## ACTIVITY
In the material below, the required lines run from the one containing "Women's denim jacket with glitter fringes" through the one containing "Full length of". Copy those lines exactly, ends included, and nothing else.

## DATA EXCERPTS
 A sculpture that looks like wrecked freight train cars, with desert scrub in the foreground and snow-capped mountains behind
---
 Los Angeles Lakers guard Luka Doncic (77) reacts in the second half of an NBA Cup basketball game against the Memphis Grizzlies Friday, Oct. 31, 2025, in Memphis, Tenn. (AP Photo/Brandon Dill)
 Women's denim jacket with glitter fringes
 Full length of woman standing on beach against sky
--
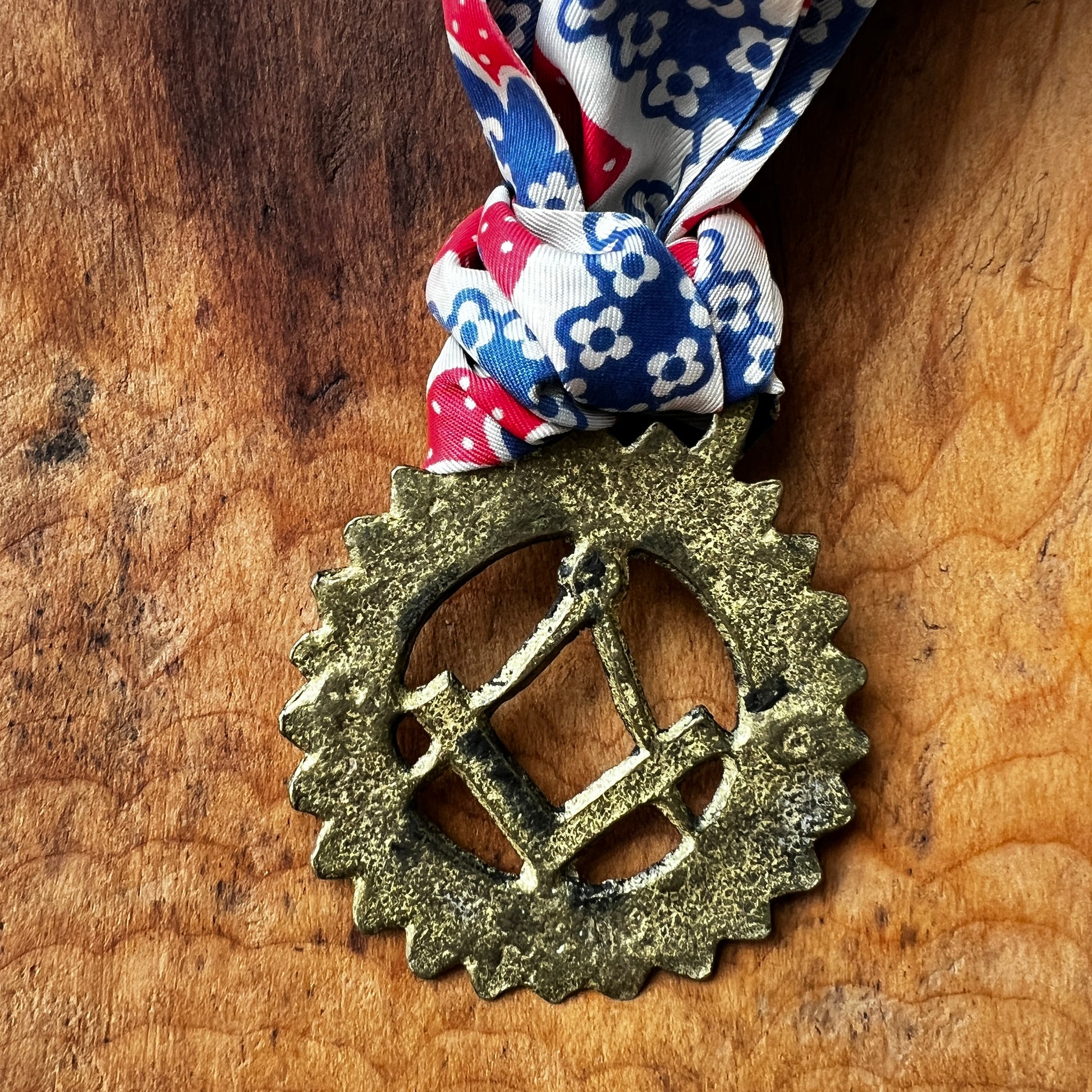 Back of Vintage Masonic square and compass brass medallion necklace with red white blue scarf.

## WRITTEN SOLUTION
 Women's denim jacket with glitter fringes
 Full length of woman standing on beach against sky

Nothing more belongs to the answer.